I am working in a PDF project, where I need to grab all text from the PDF. I've got some problem decoding Identity-H Font using toUnicode dictionary table provide from the PDF itself. the toUnicode provide character mapping to unicode hex, but didn't provide the uppercase CID character to unicode (in table).. So is there way that can lowercase the input unichar before process mapping to unicode using the table?
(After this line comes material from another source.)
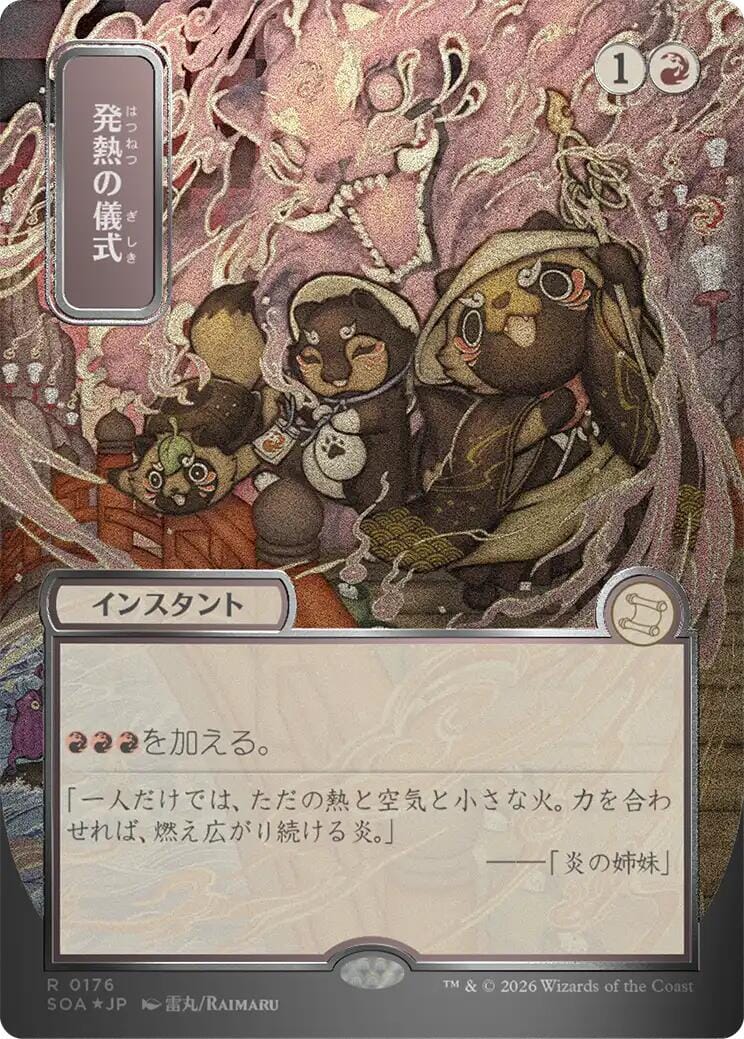 Pyretic Ritual (Japanese Silver Scroll Foil) [Secrets of Strixhaven: Mystical Archive] MTG Single Magic: The Gathering  | Multizone: Comics And Games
Can I using the offset between the <000C> <0042> to calculate the uppercase character?
toUnicode table .
57 beginbfchar
<0001> <0020>
<0002> <0021>
<0003> <0026>
<0004> <2019>
<0005> <002C>
<0006> <002D>
<0007> <002E>
<0008> <003A>
<0009> <003F>
<000A> <0040>
<000B> <0041>
<000C> <0042>
<000D> <0043>
<000E> <0044>
<000F> <0045>
<0010> <0046>
<0011> <0047>
<0012> <0048>
<0013> <0049>
<0014> <004A>
<0015> <004B>
<0016> <004C>
<0017> <004D>
<0018> <004F>
<0019> <0050>
<001A> <0052>
<001B> <0053>
<001C> <0054>
<001D> <0055>
<001E> <0057>
<001F> <0059>
<0020> <2018>
<0021> <0061>
<0022> <0062>
<0023> <0063>
<0024> <0064>
<0025> <0065>
<0026> <0066>
<0027> <0067>
<0028> <0068>
<0029> <0069>
<002A> <006A>
<002B> <006B>
<002C> <006C>
<002D> <006D>
<002E> <006E>
<002F> <006F>
<0030> <0070>
<0031> <0072>
<0032> <0073>
<0033> <0074>
<0034> <0075>
<0035> <0077>
<0036> <0079>
<0037> <007A>
<0038> <FB01>
<0039> <00FC>
endbfchar
the table did not provide glyph that mapping to uppercase Character. So how to show the character?